For many decades, Georgia Power has been the 800 pound gorilla in state politics.
Whatever the utility giant wanted, it usually got. Georgia Power has been able to do this in large part because of a Public Service Commission that has been more of a rubber stamp than a regulatory commission.
When Georgia Power requested the authority to start charging its customers for the cost of building two nuclear reactors more than six years before the reactors would even start generating their first kilowatt hour of electricity, the PSC granted it.
When Georgia Power decided it didn’t want any kind of risk-sharing system that would protect customers from rate gouging if there were huge cost overruns on the Vogtle nuclear project, the PSC did not require the utility to implement one.
During the period from 2009 through 2012, when the country endured the worst economic downturn since the great depression and businesses failed left and right, the PSC allowed Georgia Power to keep earning a return of roughly 11 percent on the electricity it generated for its customers. It would be difficult to find a sweeter deal than that.

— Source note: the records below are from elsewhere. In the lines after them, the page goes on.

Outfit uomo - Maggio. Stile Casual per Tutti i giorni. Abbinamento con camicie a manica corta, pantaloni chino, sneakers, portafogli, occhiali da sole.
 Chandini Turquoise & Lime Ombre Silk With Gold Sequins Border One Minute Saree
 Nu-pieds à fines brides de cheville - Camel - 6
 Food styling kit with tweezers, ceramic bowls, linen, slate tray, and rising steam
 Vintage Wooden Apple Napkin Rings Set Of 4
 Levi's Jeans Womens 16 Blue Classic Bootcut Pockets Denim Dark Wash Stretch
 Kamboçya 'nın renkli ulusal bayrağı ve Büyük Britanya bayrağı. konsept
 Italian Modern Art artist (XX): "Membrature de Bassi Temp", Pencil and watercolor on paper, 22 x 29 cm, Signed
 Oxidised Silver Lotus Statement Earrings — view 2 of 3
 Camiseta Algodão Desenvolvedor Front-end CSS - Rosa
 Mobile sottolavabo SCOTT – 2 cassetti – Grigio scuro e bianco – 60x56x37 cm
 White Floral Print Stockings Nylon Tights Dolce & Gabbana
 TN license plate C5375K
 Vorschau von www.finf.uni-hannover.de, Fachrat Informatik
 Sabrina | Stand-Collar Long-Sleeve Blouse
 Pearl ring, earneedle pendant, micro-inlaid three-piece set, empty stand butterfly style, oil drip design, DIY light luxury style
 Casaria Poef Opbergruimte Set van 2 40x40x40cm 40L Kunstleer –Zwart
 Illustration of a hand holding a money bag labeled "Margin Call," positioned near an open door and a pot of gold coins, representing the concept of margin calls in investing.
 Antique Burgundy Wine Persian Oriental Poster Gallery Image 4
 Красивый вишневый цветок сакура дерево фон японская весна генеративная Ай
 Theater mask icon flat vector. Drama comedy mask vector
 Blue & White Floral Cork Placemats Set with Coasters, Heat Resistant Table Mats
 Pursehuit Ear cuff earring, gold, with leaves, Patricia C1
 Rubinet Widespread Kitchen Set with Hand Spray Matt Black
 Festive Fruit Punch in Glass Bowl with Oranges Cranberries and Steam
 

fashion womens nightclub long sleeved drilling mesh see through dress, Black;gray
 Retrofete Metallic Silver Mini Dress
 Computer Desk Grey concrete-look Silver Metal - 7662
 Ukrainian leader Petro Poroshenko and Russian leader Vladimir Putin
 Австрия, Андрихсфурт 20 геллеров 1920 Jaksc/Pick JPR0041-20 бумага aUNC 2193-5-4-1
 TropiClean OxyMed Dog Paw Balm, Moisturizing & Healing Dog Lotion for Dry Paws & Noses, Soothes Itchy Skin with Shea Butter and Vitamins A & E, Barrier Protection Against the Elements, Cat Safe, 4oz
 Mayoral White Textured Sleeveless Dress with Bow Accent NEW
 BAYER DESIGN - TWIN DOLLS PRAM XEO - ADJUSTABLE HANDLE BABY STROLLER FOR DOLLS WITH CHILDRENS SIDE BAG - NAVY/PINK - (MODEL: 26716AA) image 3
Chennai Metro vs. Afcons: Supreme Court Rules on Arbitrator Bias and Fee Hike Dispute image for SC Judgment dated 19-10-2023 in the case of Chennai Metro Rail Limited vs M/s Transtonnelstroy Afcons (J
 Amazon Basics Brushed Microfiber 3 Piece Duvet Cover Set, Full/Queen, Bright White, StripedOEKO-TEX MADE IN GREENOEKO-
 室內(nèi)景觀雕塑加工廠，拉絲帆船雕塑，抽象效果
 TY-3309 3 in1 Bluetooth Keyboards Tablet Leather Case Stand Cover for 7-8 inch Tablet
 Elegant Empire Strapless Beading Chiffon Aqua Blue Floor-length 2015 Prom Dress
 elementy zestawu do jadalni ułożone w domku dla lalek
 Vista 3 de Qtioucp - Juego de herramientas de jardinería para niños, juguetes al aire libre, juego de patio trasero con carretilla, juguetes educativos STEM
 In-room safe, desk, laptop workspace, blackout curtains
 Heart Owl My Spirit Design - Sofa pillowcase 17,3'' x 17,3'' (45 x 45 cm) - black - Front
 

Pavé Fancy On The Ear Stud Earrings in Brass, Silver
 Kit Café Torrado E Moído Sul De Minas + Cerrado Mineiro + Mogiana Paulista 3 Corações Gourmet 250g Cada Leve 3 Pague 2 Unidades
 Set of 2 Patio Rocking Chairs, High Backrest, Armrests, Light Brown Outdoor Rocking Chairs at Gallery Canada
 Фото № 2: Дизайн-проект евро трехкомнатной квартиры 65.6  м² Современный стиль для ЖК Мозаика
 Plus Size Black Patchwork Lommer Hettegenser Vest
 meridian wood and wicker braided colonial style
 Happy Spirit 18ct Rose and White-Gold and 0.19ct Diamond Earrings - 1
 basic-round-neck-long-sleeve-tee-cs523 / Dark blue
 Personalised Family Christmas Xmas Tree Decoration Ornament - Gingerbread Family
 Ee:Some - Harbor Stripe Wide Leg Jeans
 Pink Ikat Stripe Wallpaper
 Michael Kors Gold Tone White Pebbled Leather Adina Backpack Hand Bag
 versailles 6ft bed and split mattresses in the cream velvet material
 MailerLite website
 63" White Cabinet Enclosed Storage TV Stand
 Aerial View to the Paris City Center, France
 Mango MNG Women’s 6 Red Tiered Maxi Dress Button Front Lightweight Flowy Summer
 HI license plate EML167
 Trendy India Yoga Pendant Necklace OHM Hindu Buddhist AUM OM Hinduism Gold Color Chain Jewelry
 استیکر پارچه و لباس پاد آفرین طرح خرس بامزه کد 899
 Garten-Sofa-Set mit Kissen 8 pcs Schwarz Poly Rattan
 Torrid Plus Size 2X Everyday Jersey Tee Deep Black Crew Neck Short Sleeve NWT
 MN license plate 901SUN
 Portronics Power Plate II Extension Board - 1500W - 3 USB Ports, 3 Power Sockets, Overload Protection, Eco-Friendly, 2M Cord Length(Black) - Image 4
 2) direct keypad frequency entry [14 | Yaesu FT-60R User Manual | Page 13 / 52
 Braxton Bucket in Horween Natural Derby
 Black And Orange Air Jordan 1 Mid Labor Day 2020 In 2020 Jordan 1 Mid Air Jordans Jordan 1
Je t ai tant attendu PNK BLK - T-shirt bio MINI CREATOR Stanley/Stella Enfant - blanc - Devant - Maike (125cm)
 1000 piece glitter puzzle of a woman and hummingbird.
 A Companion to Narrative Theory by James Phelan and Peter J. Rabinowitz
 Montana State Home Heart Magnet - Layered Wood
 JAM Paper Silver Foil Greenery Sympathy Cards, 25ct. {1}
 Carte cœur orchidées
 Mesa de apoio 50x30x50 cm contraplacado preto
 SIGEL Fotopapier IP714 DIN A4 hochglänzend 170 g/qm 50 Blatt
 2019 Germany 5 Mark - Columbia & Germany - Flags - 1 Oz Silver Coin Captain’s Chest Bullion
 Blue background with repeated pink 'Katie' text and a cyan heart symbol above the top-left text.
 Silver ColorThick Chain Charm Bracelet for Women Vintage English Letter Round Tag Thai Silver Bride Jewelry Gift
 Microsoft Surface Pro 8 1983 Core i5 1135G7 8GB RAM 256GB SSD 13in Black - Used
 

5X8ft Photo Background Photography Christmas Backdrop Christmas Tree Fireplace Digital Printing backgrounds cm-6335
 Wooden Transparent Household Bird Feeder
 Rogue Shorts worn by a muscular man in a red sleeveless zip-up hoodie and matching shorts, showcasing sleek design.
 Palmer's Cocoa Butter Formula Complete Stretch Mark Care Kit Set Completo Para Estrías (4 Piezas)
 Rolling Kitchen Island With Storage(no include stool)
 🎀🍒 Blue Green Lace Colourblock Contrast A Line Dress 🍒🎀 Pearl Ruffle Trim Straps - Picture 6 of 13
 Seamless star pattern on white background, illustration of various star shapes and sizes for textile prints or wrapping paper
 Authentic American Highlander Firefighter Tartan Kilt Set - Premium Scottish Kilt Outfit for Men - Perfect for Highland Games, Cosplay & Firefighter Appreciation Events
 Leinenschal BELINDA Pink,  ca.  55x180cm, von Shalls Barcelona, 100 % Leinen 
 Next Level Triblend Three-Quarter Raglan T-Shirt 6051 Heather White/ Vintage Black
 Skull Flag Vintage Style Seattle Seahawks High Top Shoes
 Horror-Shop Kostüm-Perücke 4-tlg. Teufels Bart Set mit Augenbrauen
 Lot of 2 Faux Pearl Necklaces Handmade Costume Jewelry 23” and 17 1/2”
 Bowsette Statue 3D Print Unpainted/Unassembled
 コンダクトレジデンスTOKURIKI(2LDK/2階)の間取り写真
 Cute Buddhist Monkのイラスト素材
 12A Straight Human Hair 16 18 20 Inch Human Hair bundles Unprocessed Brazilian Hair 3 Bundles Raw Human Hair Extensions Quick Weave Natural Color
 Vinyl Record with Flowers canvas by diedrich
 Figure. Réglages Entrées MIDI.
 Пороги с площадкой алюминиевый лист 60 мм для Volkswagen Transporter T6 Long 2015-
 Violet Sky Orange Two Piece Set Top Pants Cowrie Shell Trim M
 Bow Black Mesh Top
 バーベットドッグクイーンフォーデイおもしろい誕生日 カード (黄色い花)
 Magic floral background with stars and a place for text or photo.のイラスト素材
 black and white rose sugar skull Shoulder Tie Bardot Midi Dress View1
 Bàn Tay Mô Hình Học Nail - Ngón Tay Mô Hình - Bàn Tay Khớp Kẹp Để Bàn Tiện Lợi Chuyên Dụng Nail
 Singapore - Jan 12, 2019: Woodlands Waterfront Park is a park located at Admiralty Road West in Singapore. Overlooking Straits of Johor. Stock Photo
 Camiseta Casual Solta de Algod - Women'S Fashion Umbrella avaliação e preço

Georgia Power’s political power has been just as evident under the Gold Dome. The utility deployed a small army of lobbyists to the capitol hallways in 2009 to secure passage of a bill requiring the PSC to allow Georgia Power to start charging its customers in advance for the cost of the Vogtle nuclear reactors.
There was never any doubt that the PSC was going to give Georgia Power permission to levy those nuclear surcharges. I guess the utility just wanted to show the lawmakers who was really the boss.
When Sen. Buddy Carter (R-Pooler) introduced a bill that would have allowed property owners to lease solar panels and generate their own electricity in competition with Georgia Power, the utility’s lobbyists swiftly moved in and had the bill killed in committee.
Given this history, it has been an amazing experience to attend recent meetings of the PSC.
A few weeks ago, Commissioner Lauren “Bubba” McDonald proposed that Georgia Power be required to take on 525 megawatts of solar generation capacity in addition to its mix of coal-fired plants and nuclear reactors. That’s not a huge amount of solar power—it amounts to less than 2 percent of the utility’s total generation capacity. But Georgia Power’s top executives don’t have a lot of affection for anything that doesn’t involve coal or nuclear energy.
Normally, the utility’s lawyers would have brushed aside the McDonald proposal and told the PSC to move on to another topic. Instead, the PSC actually voted 3-2 to approve McDonald’s plan and beef up Georgia Power’s solar capacity.
A week later, the PSC began its review of more than $730 million worth of cost overruns on the construction of the Vogtle nuclear reactors. Georgia Power believes that these cost increases should be passed along to their customers in the form of higher rates.
PSC members, on the other hand, are talking about such radical notions as requiring the utility to eat those costs and make shareholders pay for the Vogtle mistakes. This is strange talk indeed from the PSC. It’s almost unheard of for any state government agency to say no to a Georgia Power request. Will the commissioners have the gumption to stand their ground on this issue?
If the PSC persists in this course, you can presume that Georgia Power will send its lobbyists back to the capitol next winter and tell the legislature to pass another bill that orders the commissioners to shut up and do whatever the utility asks. If the Legislature also says no, then we’ll know that the earth is shifting in Georgia politics.